Metaverse author Neal Stephenson advocates for an open metaverse

Metaverse author Neal Stephenson advocates for an open metaverse

Novelist Neal Stephenson is considered the inventor of the term “metaverse”. Now he wants to make his fictional vision a reality.

In his 1992 sci-fi novel Snow Crash, author Neal Stephenson describes a digital world called the “metaverse.” Thirty years later, the term is the buzzword for the future of the Internet. Countless companies aim to be part of it.

The main driver is the former Facebook group, which is currently transforming itself from a social media company to a metaverse company and is focusing almost entirely on building its own metaverse – including changing its name to Meta.

No one really knows yet what the metaverse (definitions) will look like one day. In any case, the spiritual father of this vision of the future does not want to leave his baby exclusively in the hands of strangers. Together with Magic Leap founder Rony Abovitz and blockchain entrepreneur Peter Vessenes, Stephenson is working on a free metaverse.

Lamina1: Stephenson wants open metaverse

Lamina1 is the name of the metaverse company Stephenson founded with Peter Vessenes.
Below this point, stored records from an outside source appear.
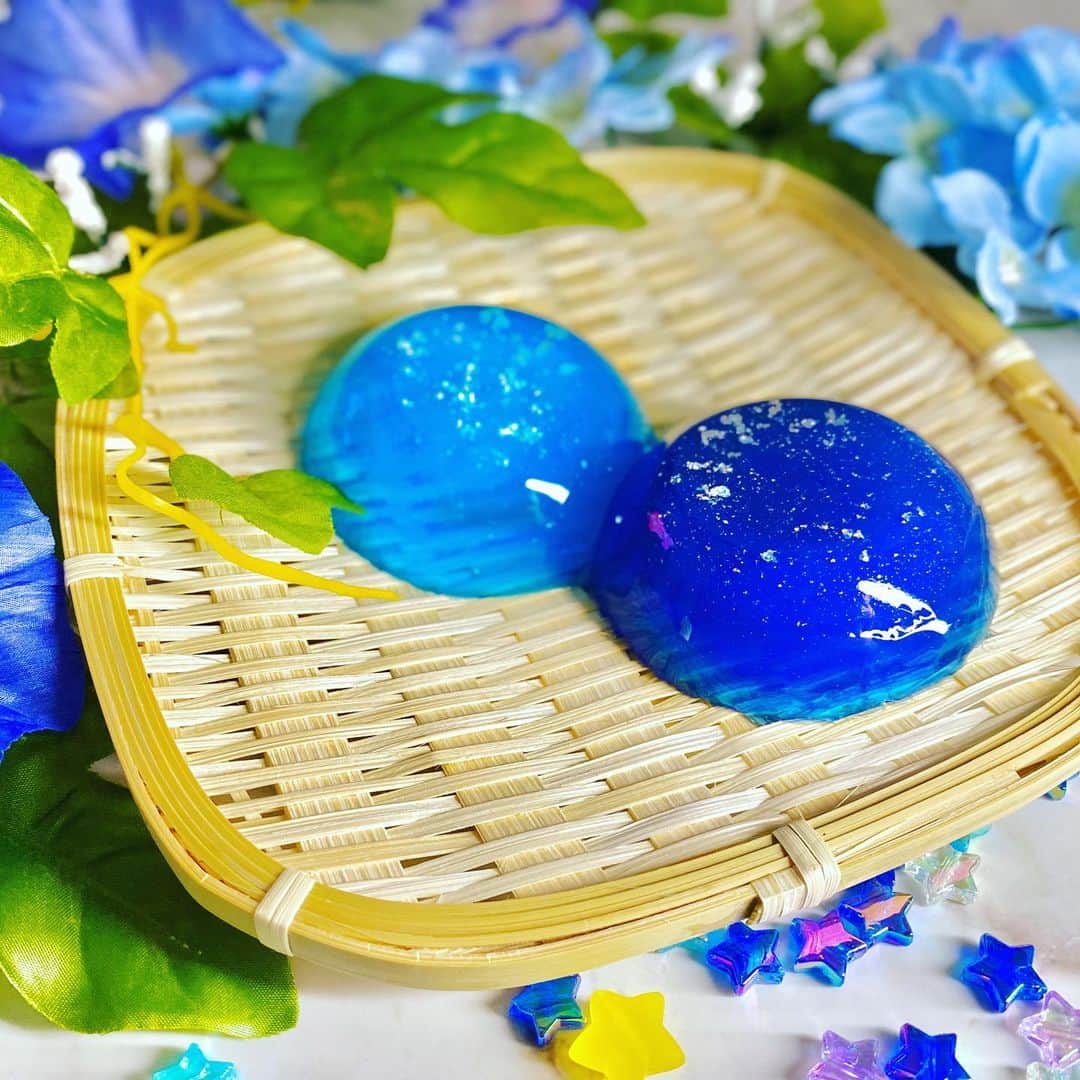 のインスタグラム：「簡単☆手作り七夕ゼリー🎋  Twitterでみかけた、ゼラチンとアラザンとかき氷シロップであっという間にできちゃう『七夕ゼリー』を作ってみました✨  写真では表現しきれないくらい尊いブルーに仕上がりました🥺 ココナッツミルクを敷いたバージョンも美味しかった♪  沢山できたので、お友達のゆきちゃん親子を誘ってみんなでデコレーションして遊びました♡  2人とも凄く喜んでくれたので 作った甲斐がありました😭  次は宝石ゼリーにチャレンジしたいな💍✨  #七夕 #七夕ゼリー #インスタ映え #ゼリー #スイーツ #ゼラチン #手作りお菓子 #手作りスイーツ #おやつ #おやつ作り #七夕飾り #七夕ごはん #星 #空 #流れ星 #ミルキーウェイ #天の川 #キラキラ #青 #蒼 #ネイビー #宝石 #ジュエリー #ゼリー作り #水色 #スカイブルー #お菓子作り #スイーツデコ #スイーツ好きな人と繋がりたい #かわいいお菓子」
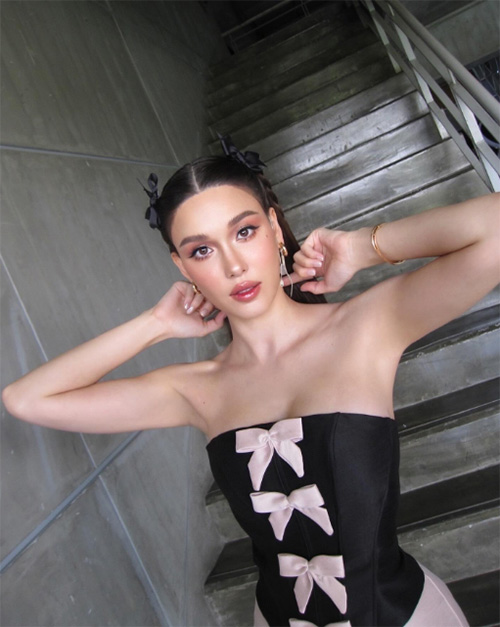 แจ็คกี้ ชาเคอลีน ชุดเวียดนาม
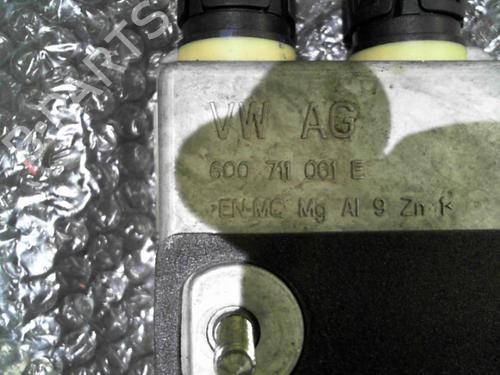 Used Gear lever VW POLO V (6R1, 6C1) 1.2 TSI 16V (90 hp) 24765473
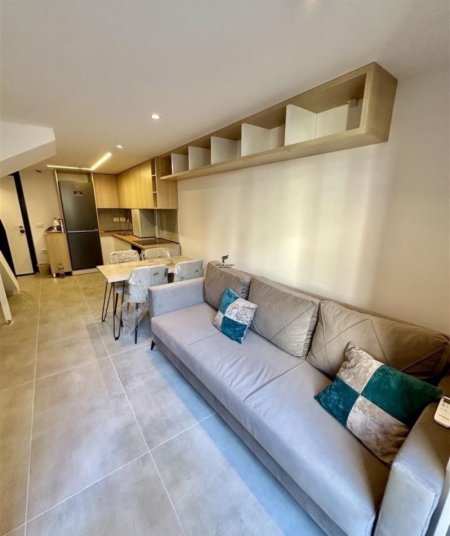 Tirane, jepet me qera apartament duplex 1+1 Kati 1, 65 m² 450 € (GOLDEN PARK 3)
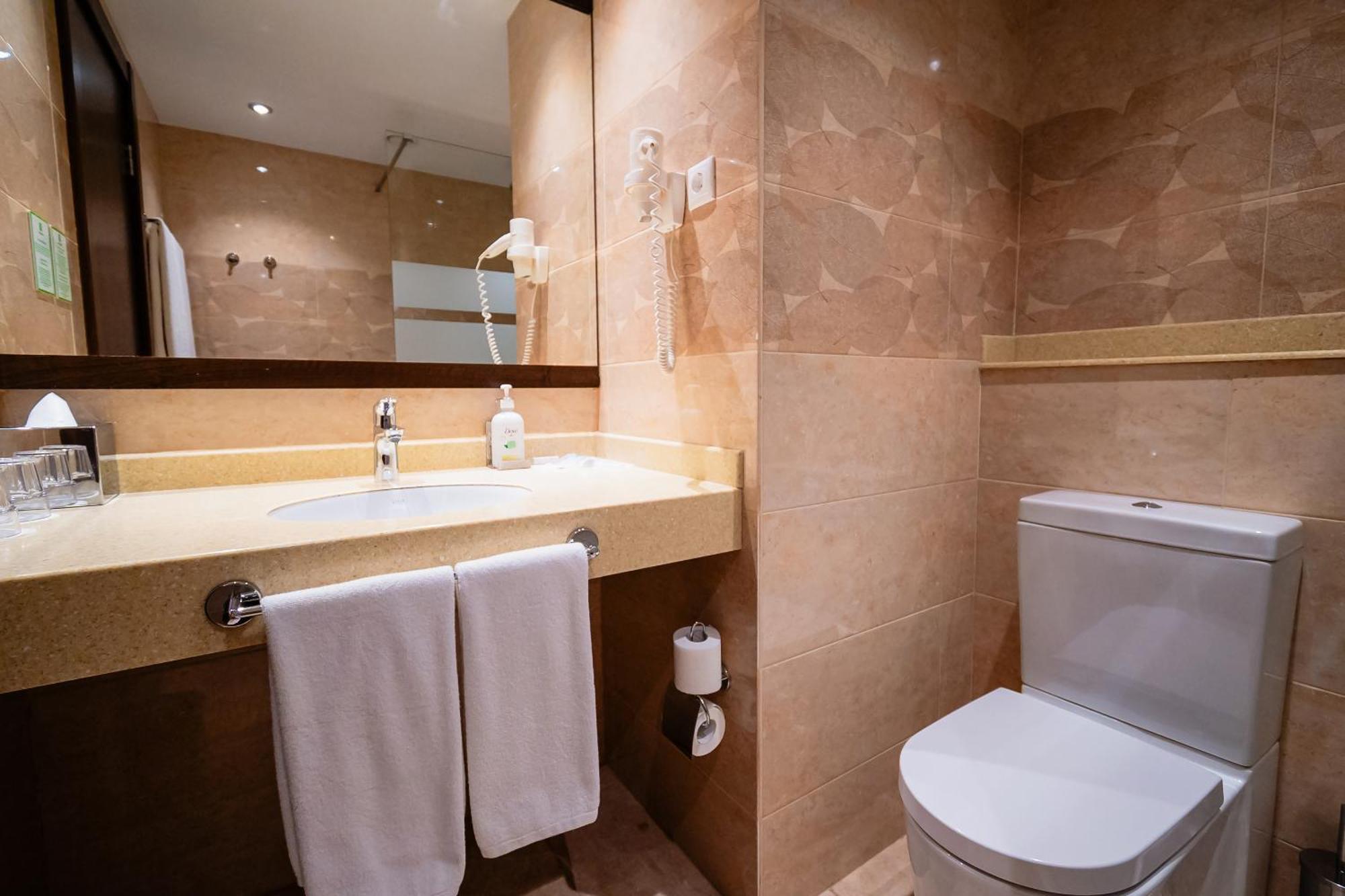 Holiday Inn Aktau By Ihg Exterior photo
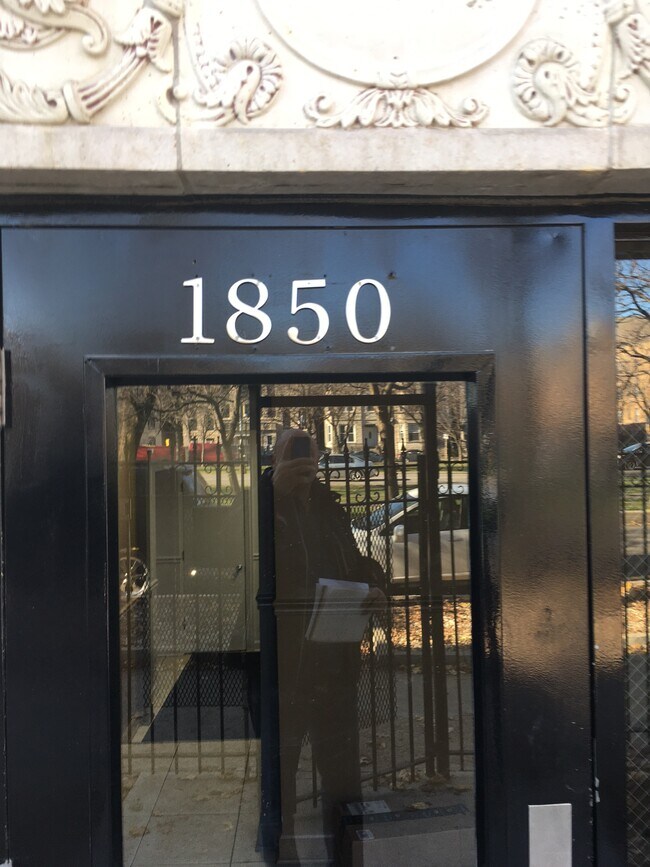 Foto del edificio - 1850 N Humboldt Blvd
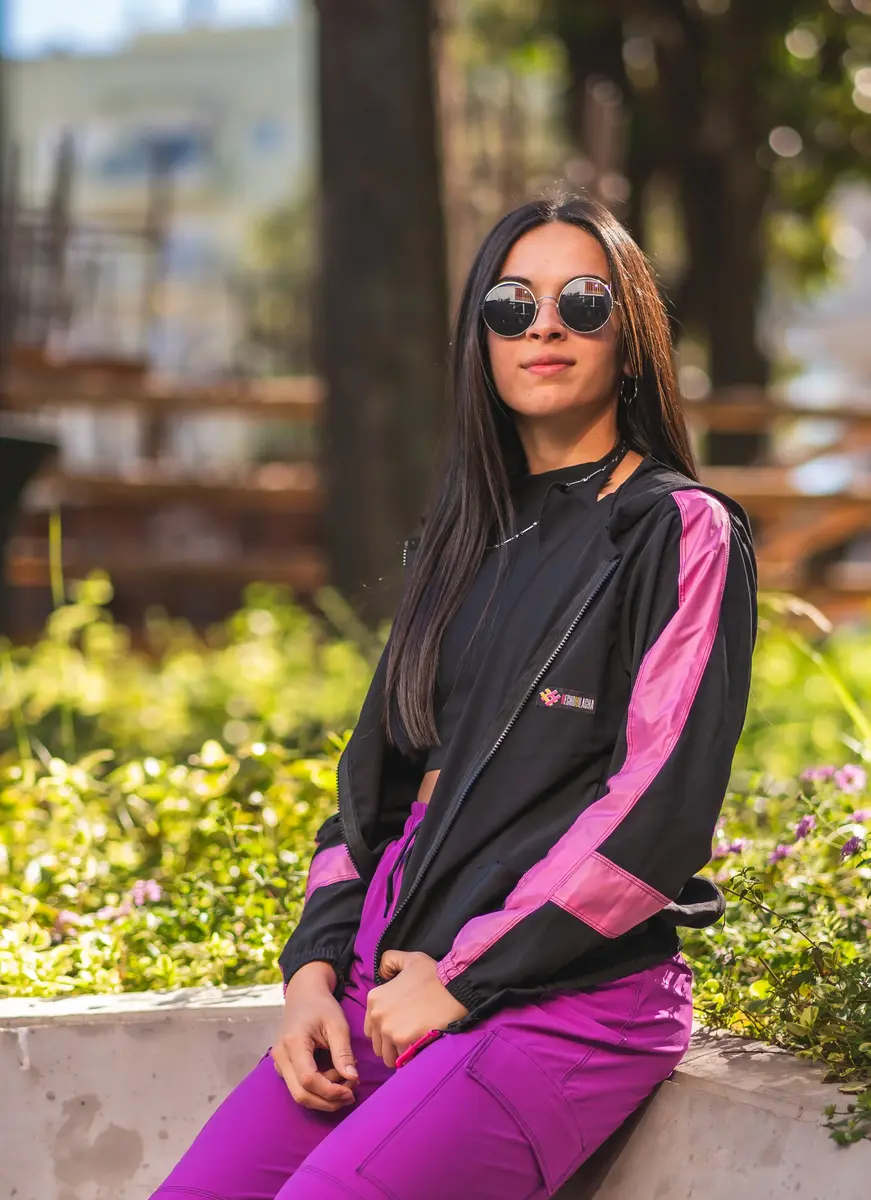 Campera H (detalle rosa)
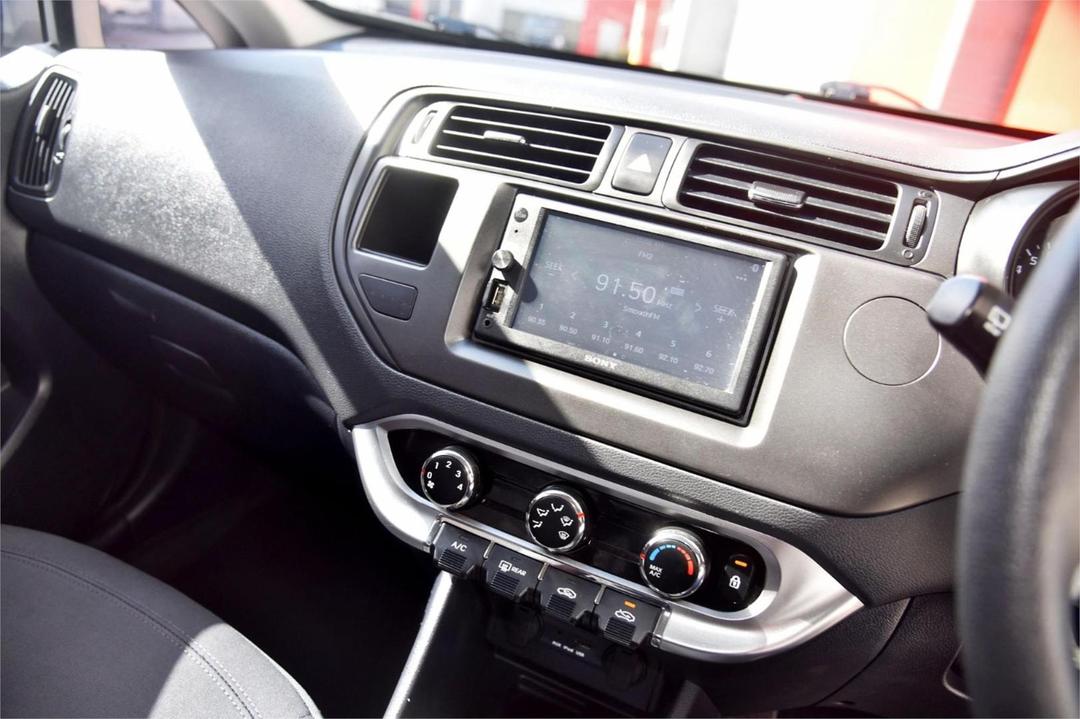 2017 Kia Rio S, Automatic, 31777 km, Photo 16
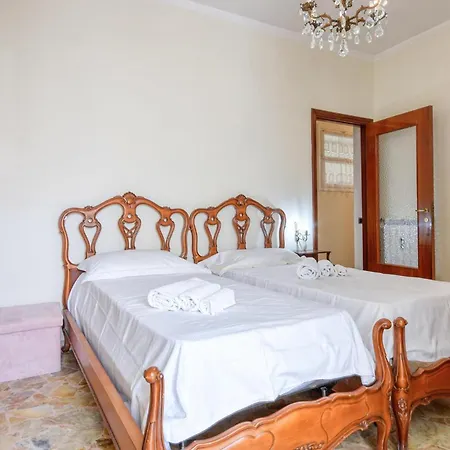 Gorgeous Apartment In Chiavari With Wifi *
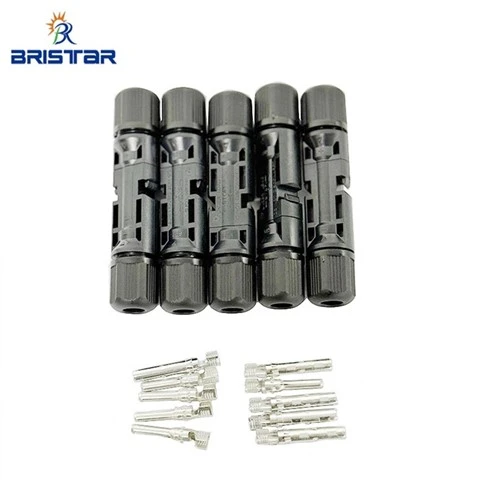 Đầu nối IP67 cho tấm pin mặt trời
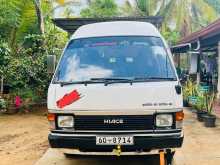 Toyota HIACE 1986 Van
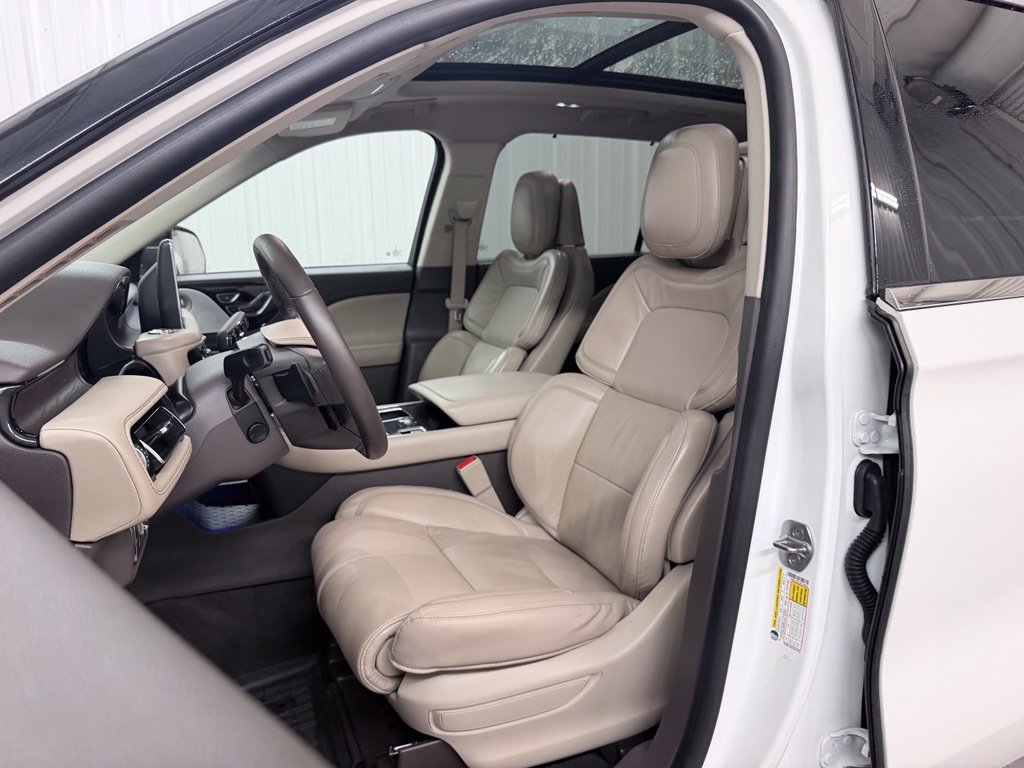 Used 2020 Lincoln Aviator Reserve w/ Equipment Group 202A AWD/4WD image 13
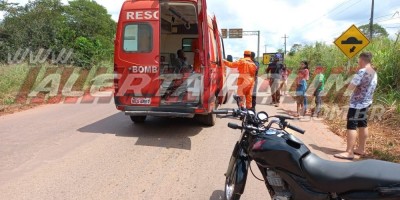 Colisão traseira nesta manhã de domingo na RO 010 resultou em um ferido em Rolim de Moura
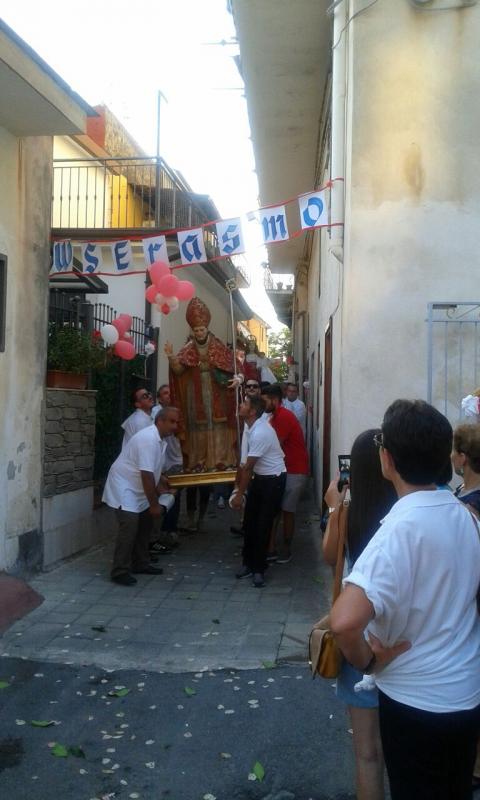 La processione nei vicoli del centro storico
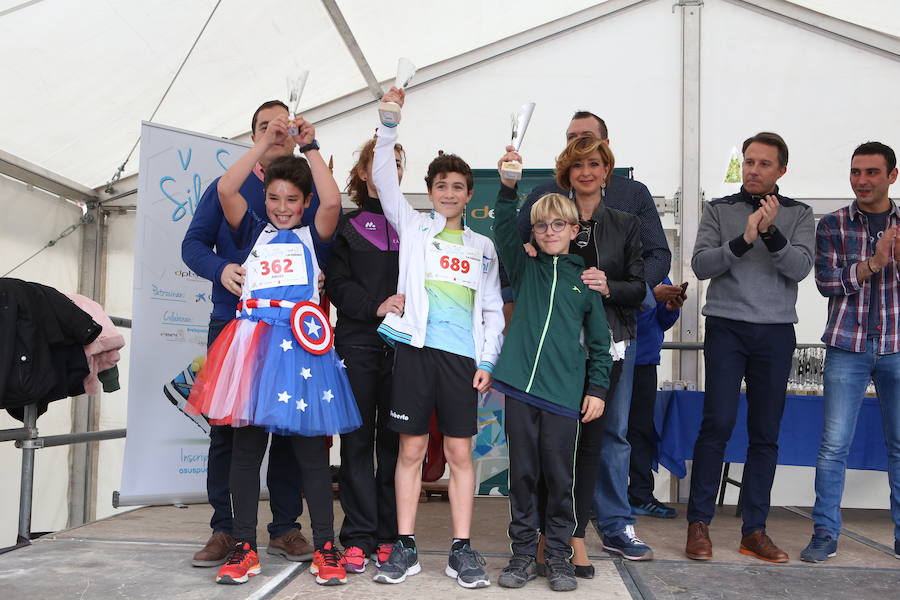 Todos los ganadores de las pruebas tanto infantil como general recibiendo sus premios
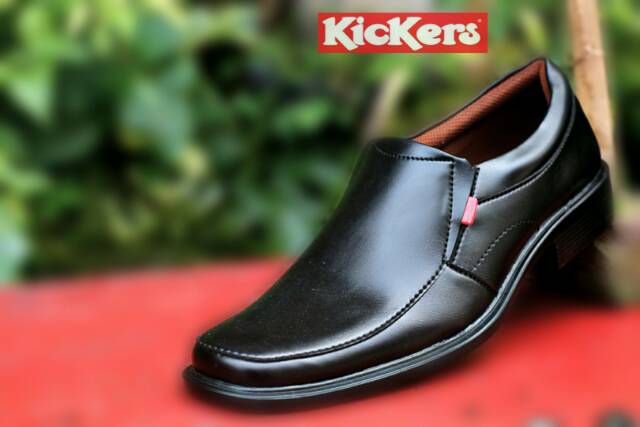 Sepatupantofel Kickers Sepatu Pria Terlaris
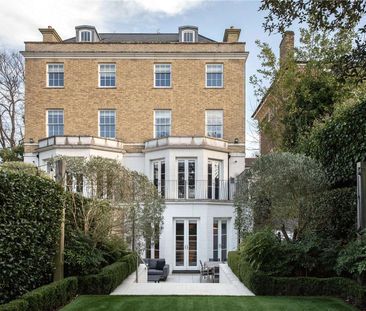 A 6 bedroom townhouse on the most sought-after street in Highgate V... - Photo 2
Together, they want to create a framework for an open metaverse and prevent large tech companies from splitting the digital future.

If Stephenson and Vessenes have their way, there should only be one metaverse that enables different experiences and virtual realities.

“If there’s going to be an open-source blockchain alternative for people who want to build metaverse stuff, what would that look like?” asks Stephenson. “What characteristics would it have as a technology and a social organization?” Lamina1 hopes to address these questions.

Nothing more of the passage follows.